┌─ SOURCE MATERIAL

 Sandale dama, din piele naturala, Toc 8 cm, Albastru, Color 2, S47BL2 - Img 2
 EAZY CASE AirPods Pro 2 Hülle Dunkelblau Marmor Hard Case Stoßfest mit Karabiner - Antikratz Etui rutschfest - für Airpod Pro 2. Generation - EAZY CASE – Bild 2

└─
┌─ SOURCE MATERIAL

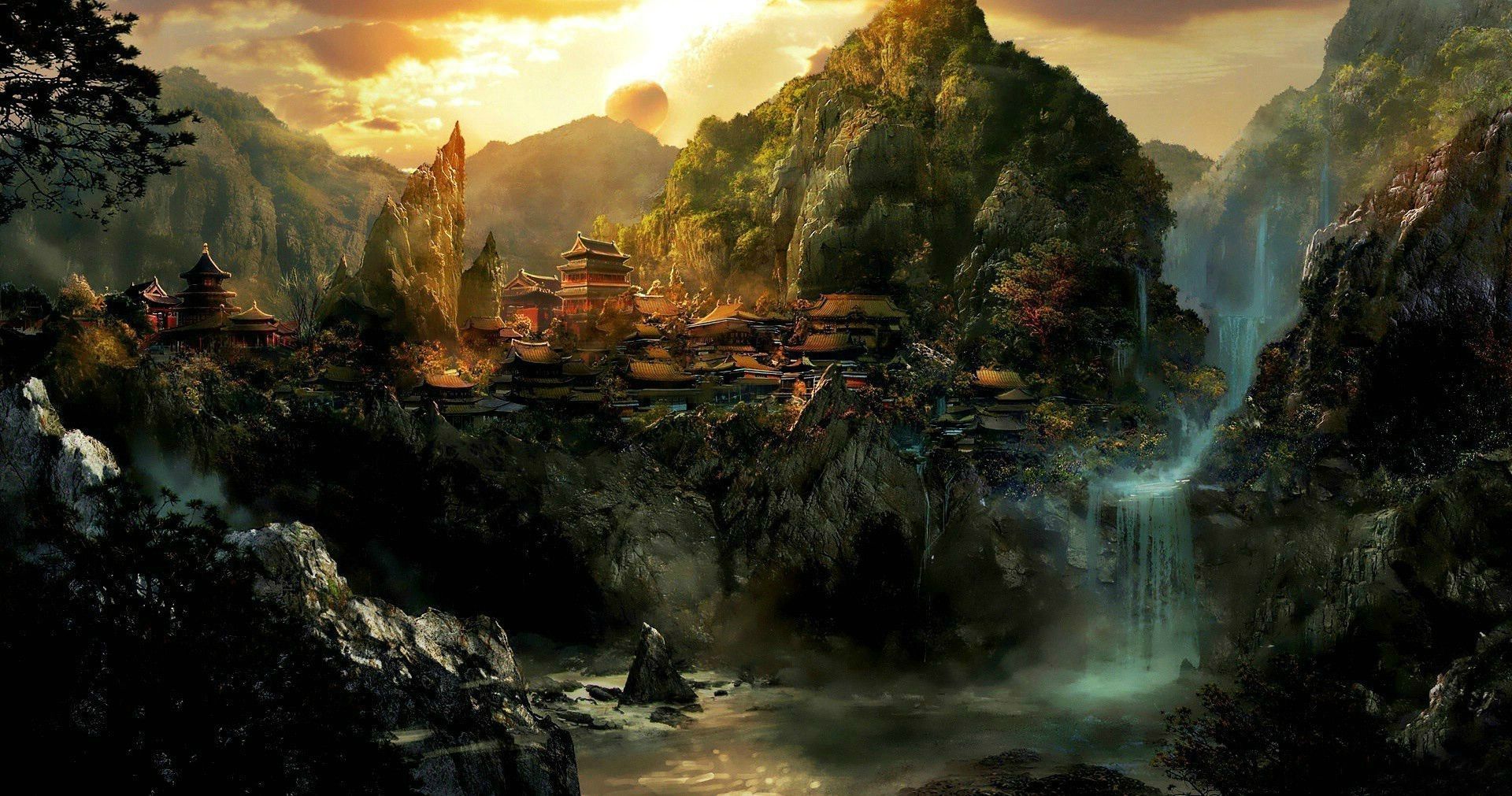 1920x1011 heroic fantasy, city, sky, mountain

└─

Scan the lines above for "Sandale dama, din" and for "EAZY CASE AirPods". Repeat exactly the line holding each of them and every line in between.

> _FINISHED EXERCISE_:
 Sandale dama, din piele naturala, Toc 8 cm, Albastru, Color 2, S47BL2 - Img 2
 EAZY CASE AirPods Pro 2 Hülle Dunkelblau Marmor Hard Case Stoßfest mit Karabiner - Antikratz Etui rutschfest - für Airpod Pro 2. Generation - EAZY CASE – Bild 2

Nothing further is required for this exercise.